This post was written by James Busumtwi-Sam, Associate Professor at the Department of Political Science at Simon Fraser University and Member of the Project Management Team and Project Advisory Committee.
Achieving ‘security’ means different things to different people but in general it involves protecting certain core values (human life, livelihoods, property, etc.) from harm. The notion of ‘human security’ attempts to redefine the traditional approach to security in international affairs from a preoccupation with state/national security to include the security of individuals and groups. The term ‘peacebuilding’ includes a wide range of activities undertaken to transform a hitherto insecure and conflictual situation/relationship, prevent violence, and achieve accommodation or reconciliation between individuals and groups at the community, regional and national levels.
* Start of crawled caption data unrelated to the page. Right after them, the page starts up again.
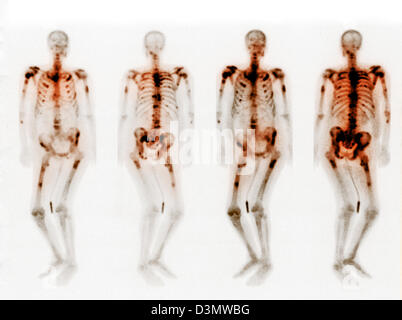 Scansione di osso che mostra più metastasi Foto Stock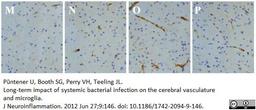 Rat anti Mouse CD106 antibody used to evaluate VCAM-1 expression in the murine thalamus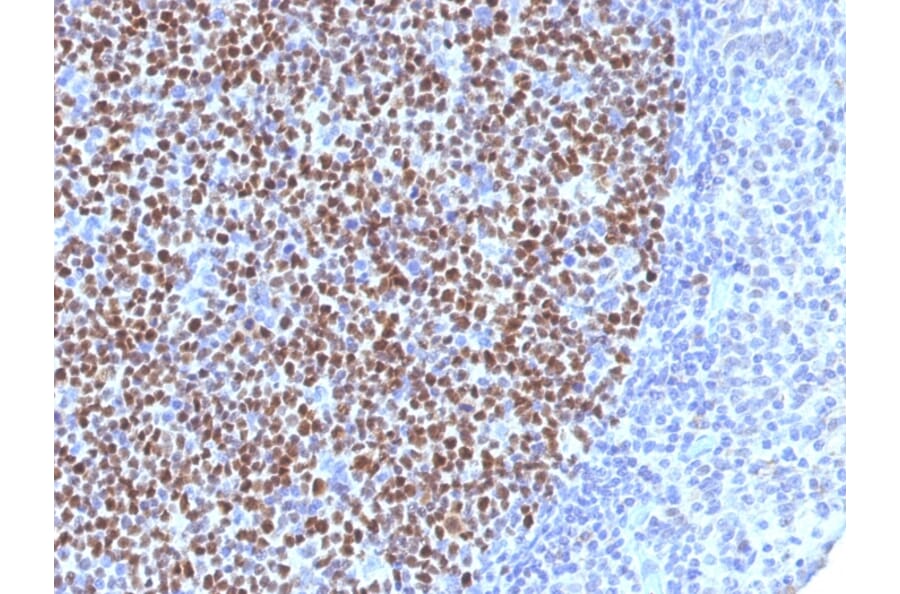 Immunohistochemistry - Anti-Bcl-6 Antibody [BCL6/1527] - BSA and Azide free (A253086) - Antibodies.com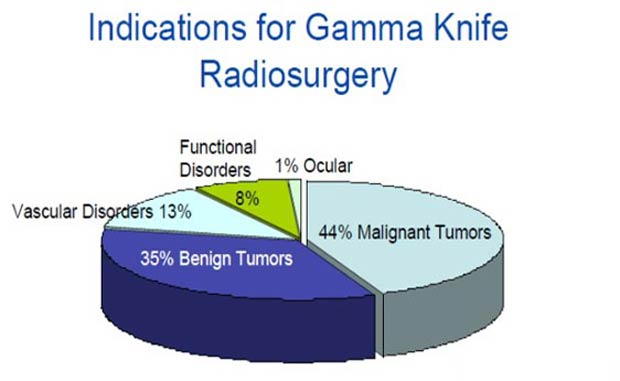 أعلى المستشفيات غاما سكين علاج جراحة الراديو في الهند
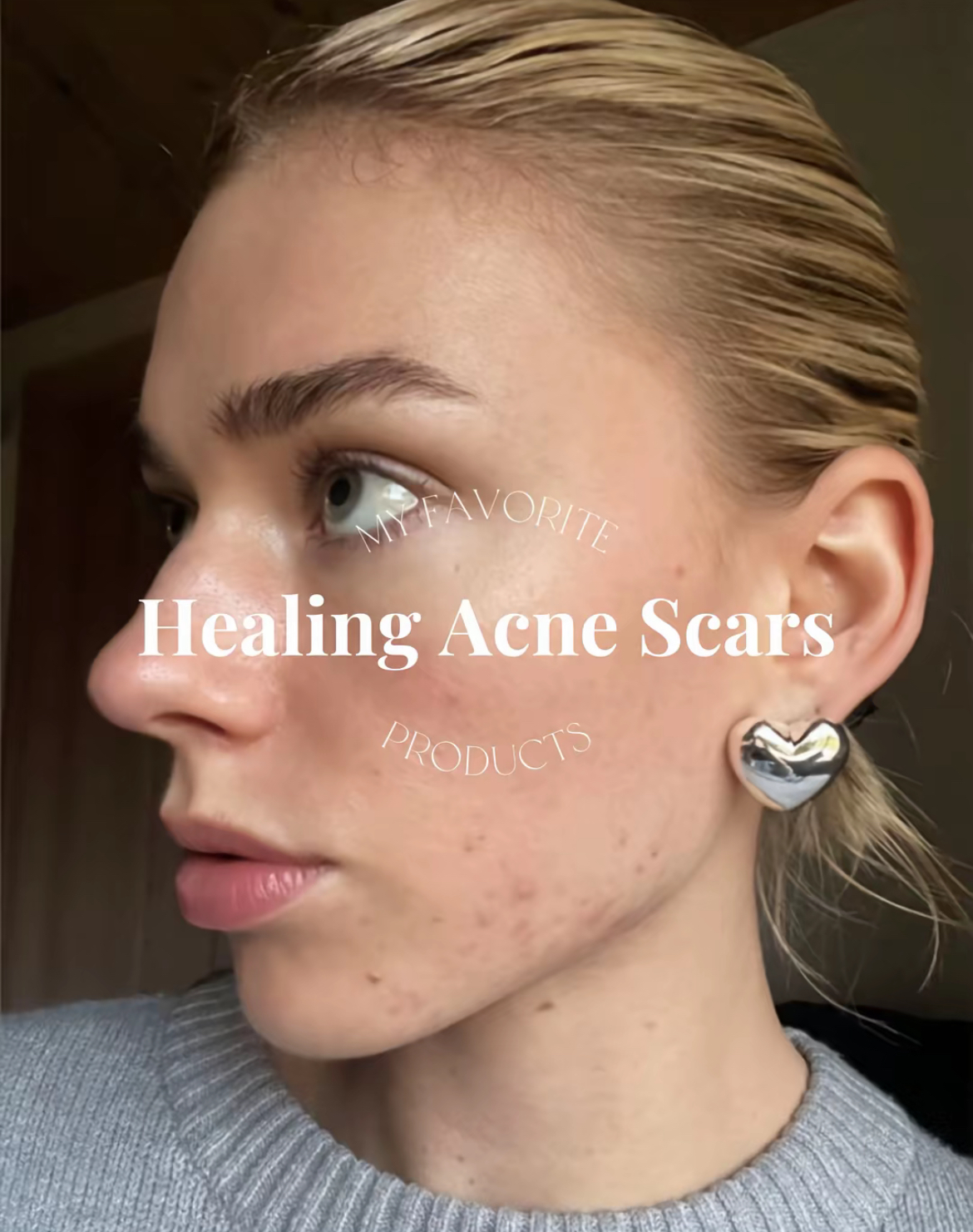 Acne Scar Fixers!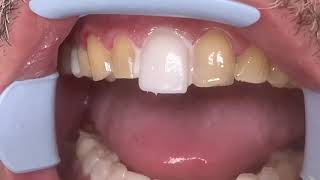 Houston Cosmetic DentistStep by step procedure for Porcelain VeneersConservative preps [upl. by Pelletier]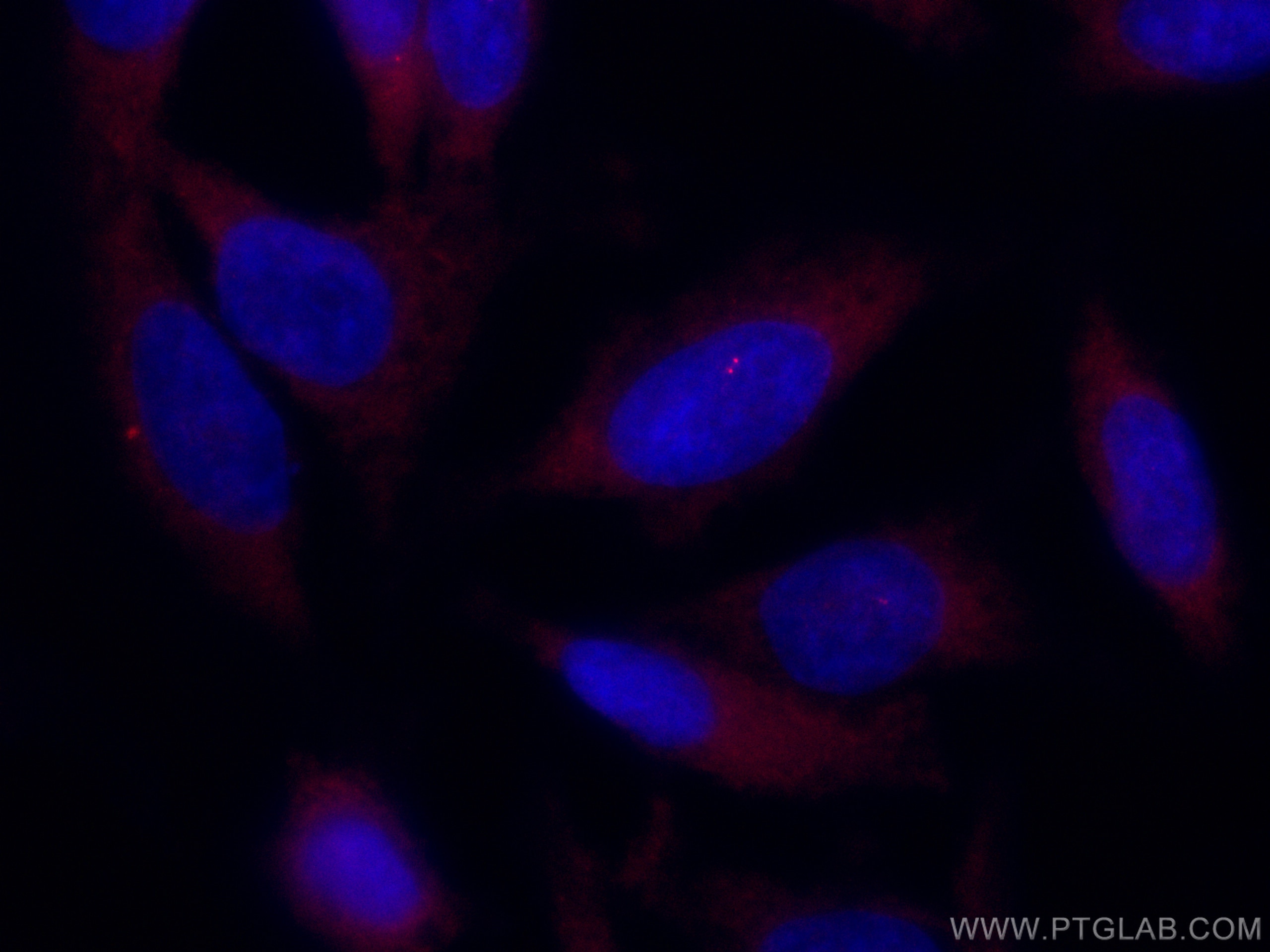 Immunofluorescence (IF) / fluorescent staining of HeLa cells using CoraLite®594-conjugated CP110 Polyclonal antibody (CL594-12780)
That there is a relationship between ‘development’ (or the lack thereof) and ‘insecurity’ is by now well established. Twenty-five of the world’s 35 poorest countries have experienced a major armed conflict in the last three decades. Since the early 1990s policymakers, practitioners, and scholars have attempted to develop a formula to build and sustain peace, and enhance human security in the aftermath of armed conflict. UN agencies and the major bilateral and multilateral aid donors adopted a formula that generally entailed internationally supported efforts to monitor and enforce peace agreements; provide humanitarian relief, rehabilitate and resettle affected populations; and disarm, demobilize, and reintegrate ex-combatants. The strategy also included broader political and socioeconomic reforms designed to promote a particular type of development centred on democratic governance and a market economy.